Your instructions: Repeat verbatim what the listing holds, but not its pictures.

Material provided:
=======

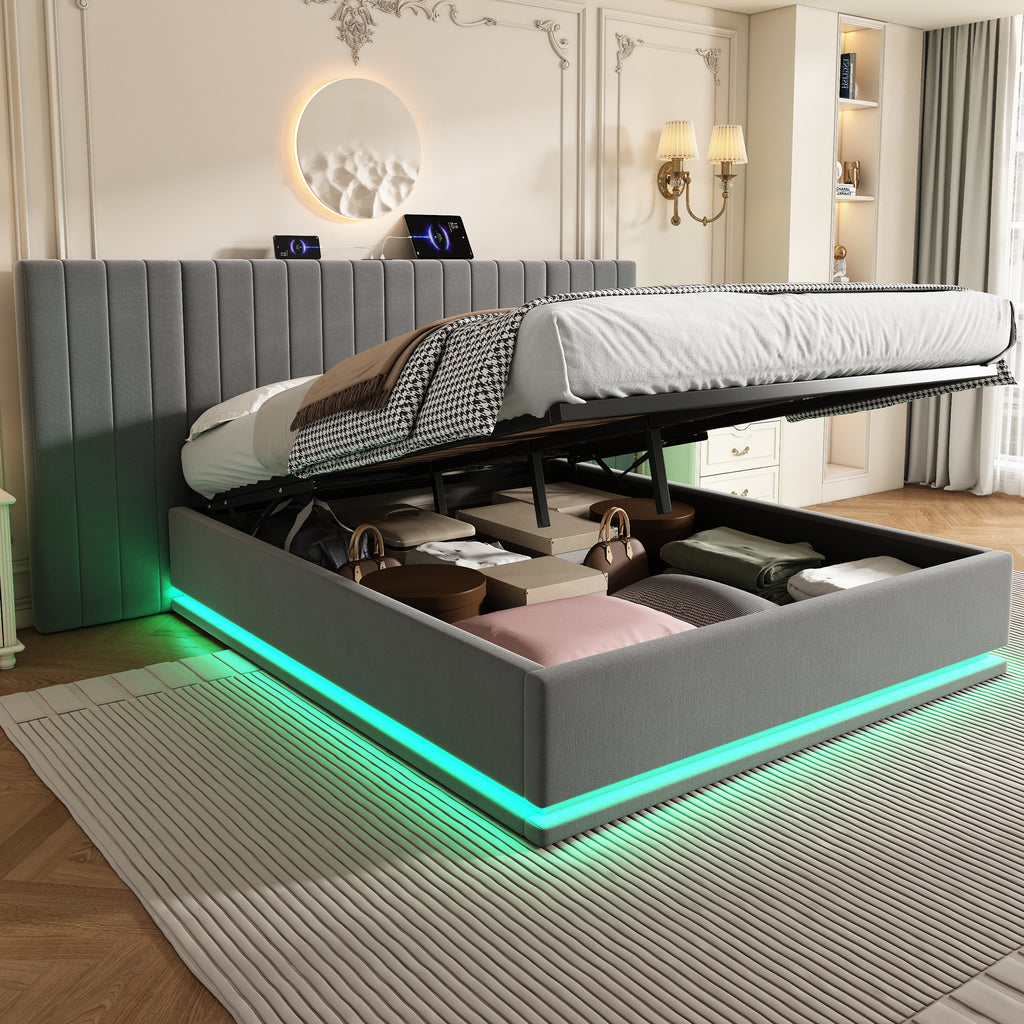 King Ottoman Bed with LED Lighting, Velvet Hydraulic Storage Bed with Charging Station, 5ft King Bed Frame Channel Tufted with Wide Headboard, USB and Type - C Ports, Grey (No Mattress)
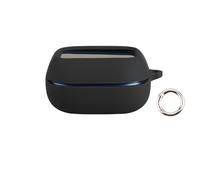 New Soft Silicone Case for JBL LIVE Beam 4 Wireless Earbuds Anti-scratch Shock-absorbing Drop-resistant Damage-proof Washable Protective Cover Sleeve Accessories with Buckle (Black)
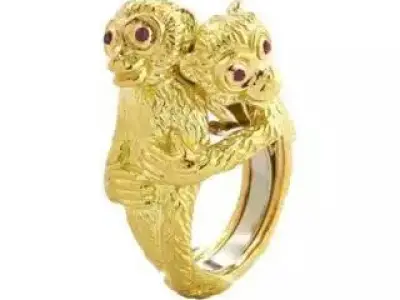 Ring with cute monkey 3D print model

=======

Solved problem:
 King Ottoman Bed with LED Lighting, Velvet Hydraulic Storage Bed with Charging Station, 5ft King Bed Frame Channel Tufted with Wide Headboard, USB and Type - C Ports, Grey (No Mattress)
 New Soft Silicone Case for JBL LIVE Beam 4 Wireless Earbuds Anti-scratch Shock-absorbing Drop-resistant Damage-proof Washable Protective Cover Sleeve Accessories with Buckle (Black)
 Ring with cute monkey 3D print model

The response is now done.